Thursday, October 10, 2013

REPULSION (Roman Polanski, 1965, UK)

Carol suffers from Agraphobia, a morbid fear of sexual assault, her eyes revealing the repulsion that lurks in the dark recesses of her psyche. This beautiful young lady sleepwalks through her life as she slowly descends into madness, consumed with dread of being isolated from her sister and of the men whose leering gaze often caress her delicate form.
Director Roman Polanski has crafted a psychological maelstrom of anxiety and suspense, physically distancing the viewer from Carol while allowing us to experience her intense delusions from her psychotic perspective. She becomes fearful of every man: her sister Helen’s boyfriend, Colin a young man who continually asks her out on dates, and the sleazy landlord (for good reason). It’s no coincidence she works in a beauty shop surrounded by women, a haven that separates her from potential male contact. When Helen goes on vacation for ten days, Carol is left alone, emotionally skinned like a dead rabbit, and eaten by paranoia and panic.
Aural hallucinations precede her violent fantasies where ghostly men haunt dark mirrors, rise from the convolutions of disheveled night sheets, or their waxy hands extruding from the walls to steal her sanity.
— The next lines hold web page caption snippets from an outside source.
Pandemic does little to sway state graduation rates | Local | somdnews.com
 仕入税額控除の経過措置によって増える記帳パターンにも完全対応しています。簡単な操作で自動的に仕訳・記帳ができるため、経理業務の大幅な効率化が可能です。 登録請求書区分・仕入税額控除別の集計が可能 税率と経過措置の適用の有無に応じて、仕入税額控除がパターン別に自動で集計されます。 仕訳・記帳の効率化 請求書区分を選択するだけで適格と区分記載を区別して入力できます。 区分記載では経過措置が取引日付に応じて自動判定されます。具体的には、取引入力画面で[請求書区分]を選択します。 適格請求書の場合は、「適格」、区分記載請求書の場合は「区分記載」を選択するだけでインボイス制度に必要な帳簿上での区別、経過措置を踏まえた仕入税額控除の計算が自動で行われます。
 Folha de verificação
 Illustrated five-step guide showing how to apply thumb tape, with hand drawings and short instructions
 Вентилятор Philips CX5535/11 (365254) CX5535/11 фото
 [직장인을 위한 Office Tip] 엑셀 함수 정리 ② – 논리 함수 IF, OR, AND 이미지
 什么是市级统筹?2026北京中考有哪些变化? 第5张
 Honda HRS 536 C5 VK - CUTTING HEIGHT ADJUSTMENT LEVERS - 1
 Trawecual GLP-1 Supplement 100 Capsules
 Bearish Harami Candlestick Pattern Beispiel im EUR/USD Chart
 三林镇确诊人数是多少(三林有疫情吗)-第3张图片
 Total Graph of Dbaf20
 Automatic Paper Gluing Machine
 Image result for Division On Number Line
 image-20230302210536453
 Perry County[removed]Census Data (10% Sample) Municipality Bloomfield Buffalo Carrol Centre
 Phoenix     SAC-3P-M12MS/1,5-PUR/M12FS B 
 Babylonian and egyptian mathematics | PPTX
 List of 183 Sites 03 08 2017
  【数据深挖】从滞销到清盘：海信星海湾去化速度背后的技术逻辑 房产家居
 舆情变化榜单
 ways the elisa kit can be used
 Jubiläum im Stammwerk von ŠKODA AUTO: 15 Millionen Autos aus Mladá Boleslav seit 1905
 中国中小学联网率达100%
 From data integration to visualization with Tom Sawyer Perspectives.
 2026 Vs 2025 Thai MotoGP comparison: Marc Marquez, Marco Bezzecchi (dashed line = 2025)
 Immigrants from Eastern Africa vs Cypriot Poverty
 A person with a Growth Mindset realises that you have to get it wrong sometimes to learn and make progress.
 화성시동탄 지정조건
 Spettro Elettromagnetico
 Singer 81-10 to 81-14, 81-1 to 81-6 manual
Polanski has crafted a genuine horror film without a supernatural element, the terror of a mind turning in upon itself unable to separate truth from fiction: it’s in this cortex of soft tissue that real monsters exist who devours our perceptions.
With riveting suspense, Polanski films the final act of madness in Carol’s tiny apartment with sweating close-ups and skewed angles, converging with sudden acts of unexpected violence and bloodshed. Carol’s senses are spiked by the tolling of a church bell or the shrill tremulousness of a phone and haunted by the hungry buzzing of flies. Night after night she imagines herself being raped by ethereal men, their faces momentarily revealed to be her acquaintances, until she finally commits two very real acts of murder.
Soon discovered comatose and surrounded by gawking neighbors, it’s a man who gently carries her towards help. Polanski then unveils the final clue in a stark black and white photograph of Carol’s childhood: with shadows obscuring the face of her father, her sister’s head upon his lap, Carol stands behind them staring vacantly into the void of her incestuous prison.